True but not the right answer. Suppose instead that it said "Oh my gosh! 'Rain is caused by the rain god Zarphomek' is true for Hunga Huntergatherer, but for Martha Meteorologist, 'Rain is caused by water condensation' is true! There is no fixed truth!" What would be the deconstruction in that case?
Basically, yes. From the earth's perspective, the earth spinning on its axis while the sun is (relatively) stationary looks exactly the same as the sun going around the earth.
So they look identical, but Amara the Astronomer knows that this illusion is simply a misunderstanding of how the heavenly bodies interact.
Hunga Huntergatherer doesn't know the earth spins. If he did he'd probably be able to figure out that the sun isn't circling the earth if he thought about it for a while.
Well in that case Earth doesn't really go around the sun, it just goes around the center of this galaxy on this weird wiggly orbit and the sun happens to always be in a certain position with respect to...... ouch! See what I did? I babbled myself into ineptness by trying to be "absolutely technically correct." I just can't. Even if I finished that "absolutely technically correct" sentence, I'd probably be wrong in some other way I haven't even imagined yet.
So let's accept the fact that not everything that is said which is true is "absolutely technically correct." (True with respect to The Simple Truth, ugh, this semantics is tiring so I'll quit).
The not-technically-correct truth for Hunga Huntergatherer and the not-technically-correct truth for Amara Astronomer seem to verbally contradict each other in the same way that Albert::sound verbally contradicts Barry::sound. Is the solution to it that one is false and other is true? You take the side of Amara Astronomer (and so do I) because the maps in our heads resemble this view better than the other.
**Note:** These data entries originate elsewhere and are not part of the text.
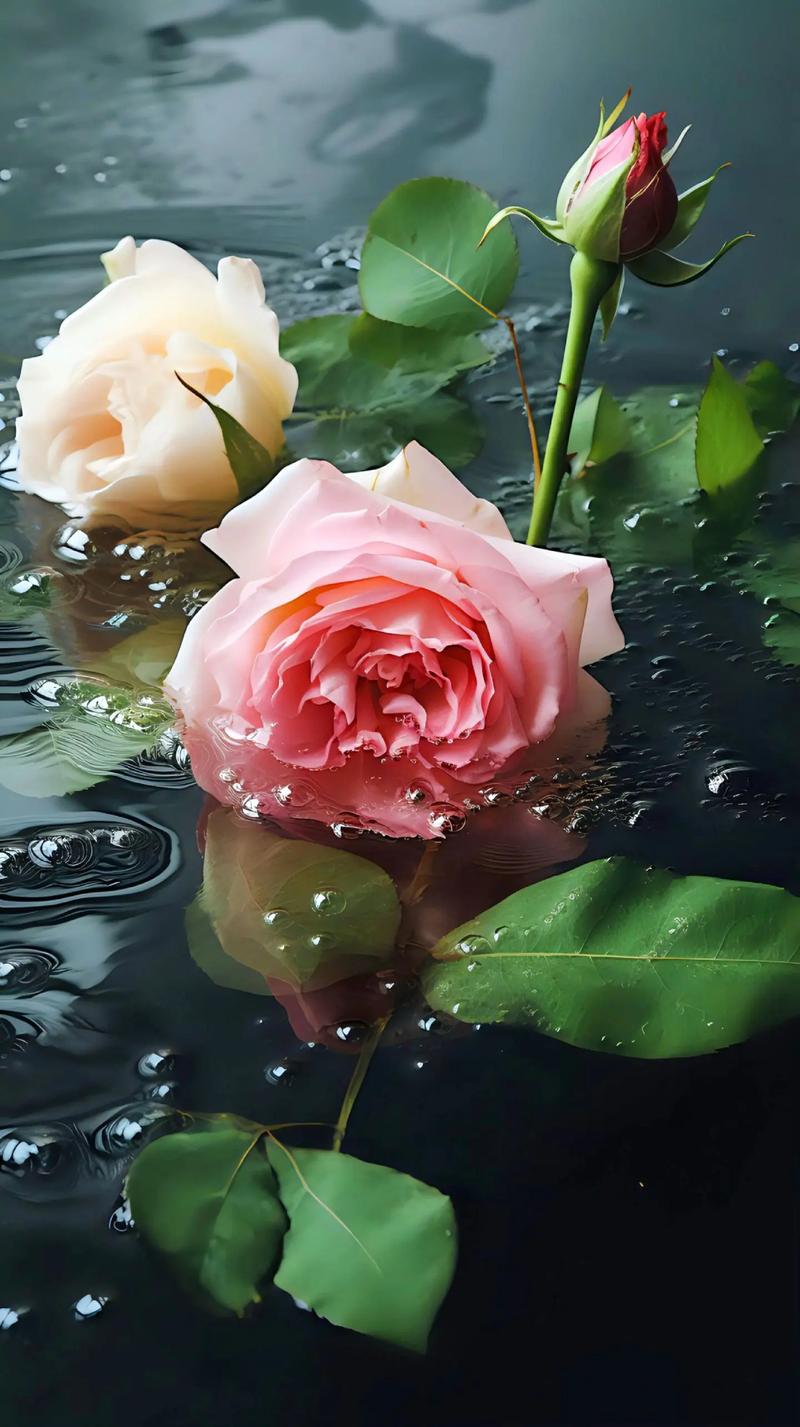 冒着雨拍的唯美水中玫瑰,应该能打动你吧#治愈系 #治愈系风景 - 抖音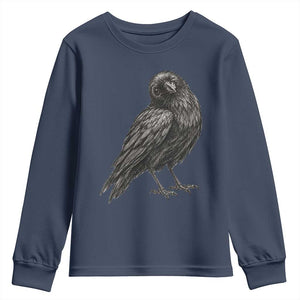 Winking Raven Crow Youth Sweatshirt Vintage Dark Academia Funny Bird Graphic TS10 Navy Print Your Wear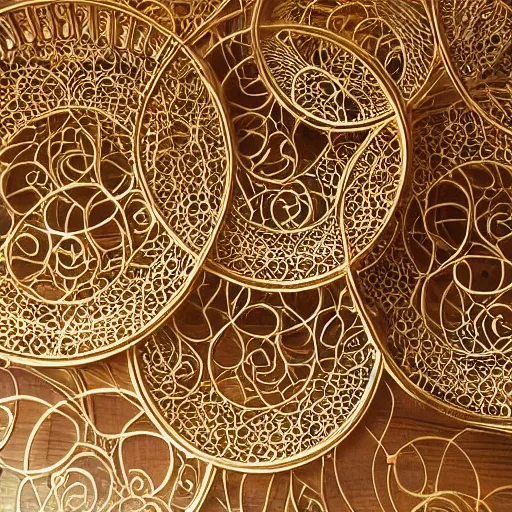 Image similar to a well - lit photo of an intricate gold filigree art nouveau set of concentric spheres on a wooden table, beautiful, detailed, flowing curves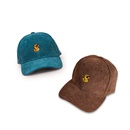 Autumn and winter new widebrimmed sunshade cap cute little duck corduroy baseball cappicture8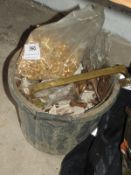 Bucket Containing Assorted Brassware, etc.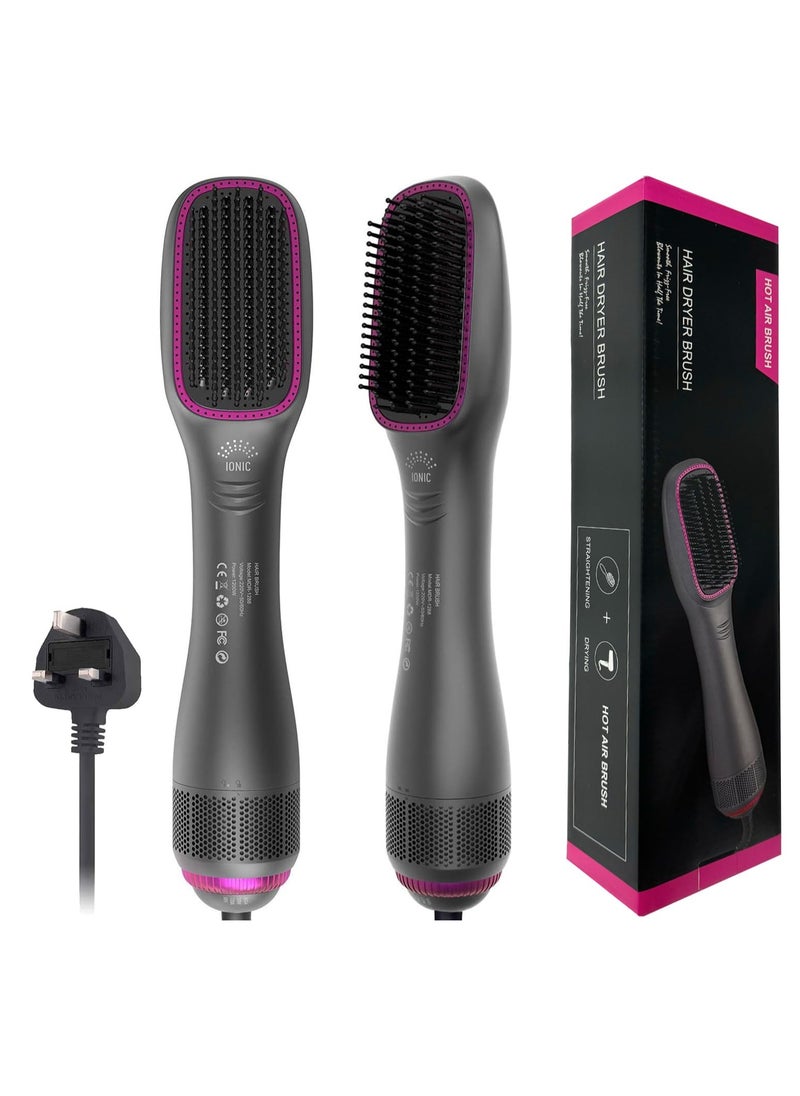 RUKYU - 3 In 1 Hair Dryer Brush & Straightener Brush, Professional 1200W Powerful Ceramic Tourmaline Ionic Hot Air Brush, 3 Heat/2 Speed Settings One Step Hair Dryer And Styler For All Hair Types - Image 1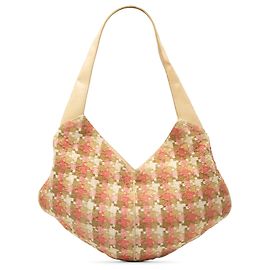 LOEWE Tweed Houndstooth Hobo Beige Beige
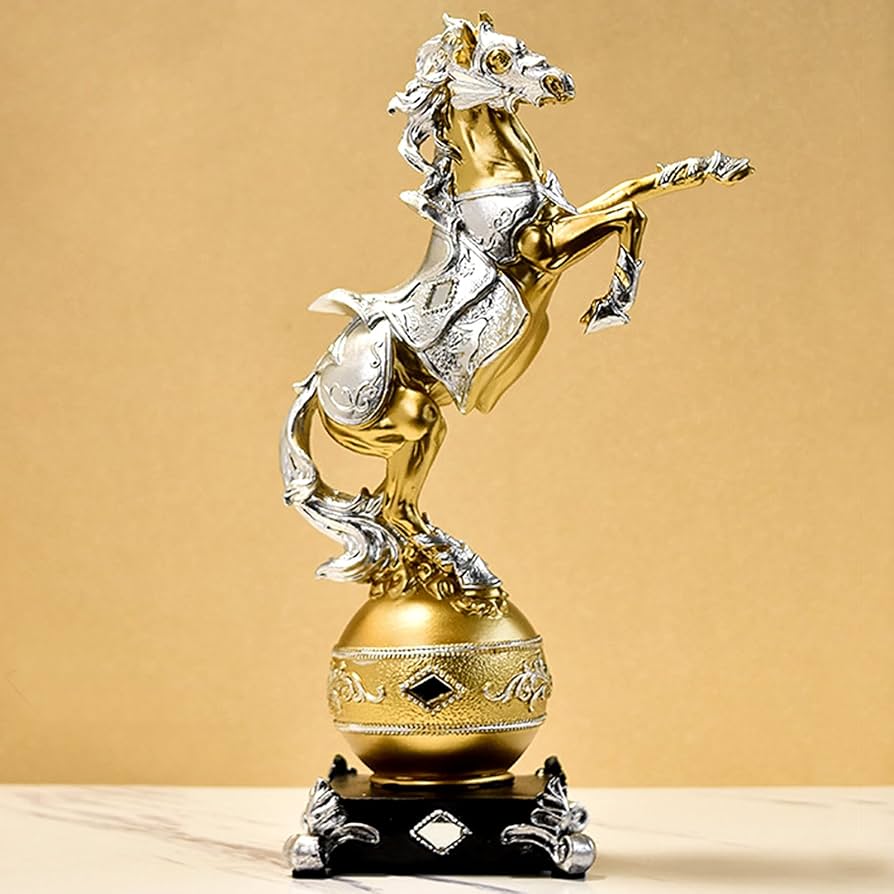 Amazon.co.jp: 戦争馬の彫刻 ゴールド 軍馬像 戦士の置物 樹脂製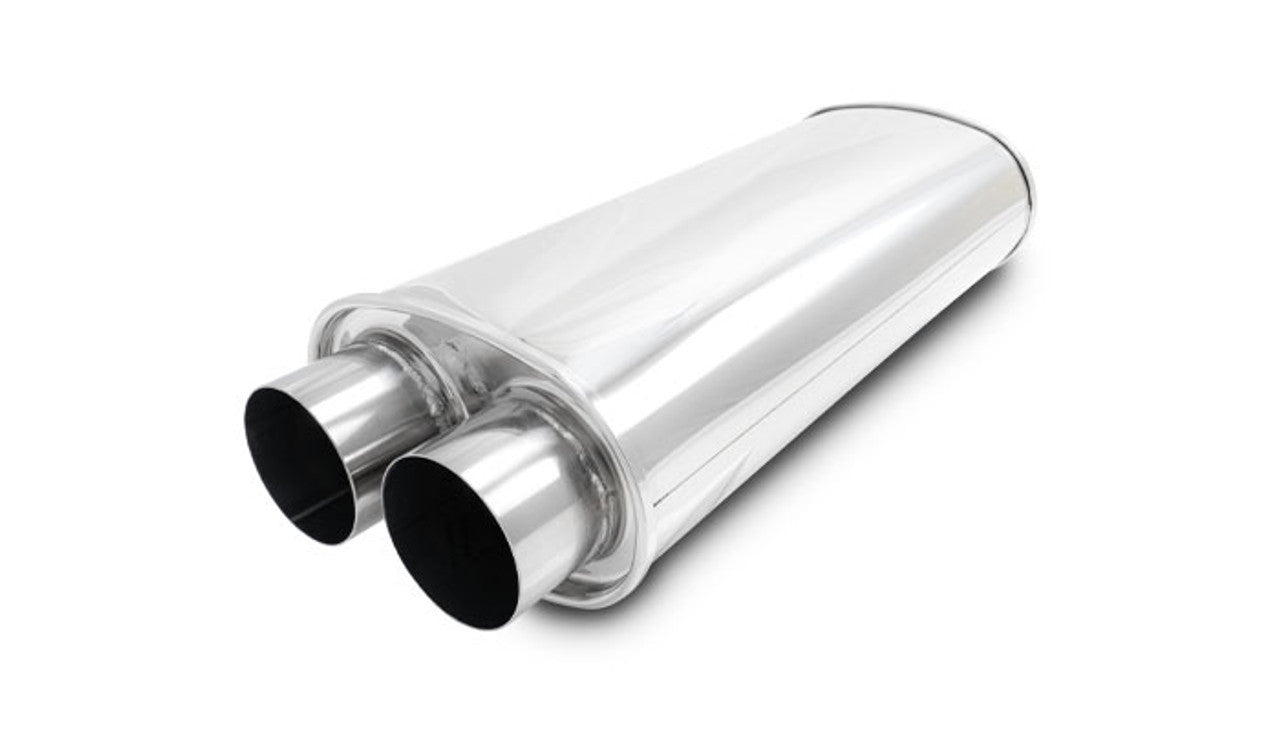 Muffler Oval Stainless 3IN Dual Offse - 10539 Vinyasa Automotive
The fact that these two notions seem contradictory is not because they are contradictory, but because our minds are trying to map them both into the same spot.
Your solution brings us back to analyzing maps. Its analogue is defining Albert::sound to be correct. I don't believe that the point of the article was to define truth. It's practically impossible to do so (see my fumble above). I think the point of the article was that contradictions in our ill-defined language (and concepts and maps that come with it) do not imply contradictions in reality.
I believe you missed my point entirely.
I was simply discribing why Hunga Huntergatherer might not have realized that it is the earth that goes round the sun.
Hunga's map is still extremely useful, particularly for getting your bearings. The old saying "the sun rises in the east and sets in the west" is still useful even though it is the earth spinning to create the effect rather than the sun actually moving around the earth (which is implied in the saying).
It's worth noting that Hunga's map is included in Amara's map, not eliminated by it. Albert's map also includes Barry's map, just like Einstein's map of gravity includes Newton's map.
They're all still just maps though, and should be treated as such.
True, but what you imagine to be territory may just be another layer of maps.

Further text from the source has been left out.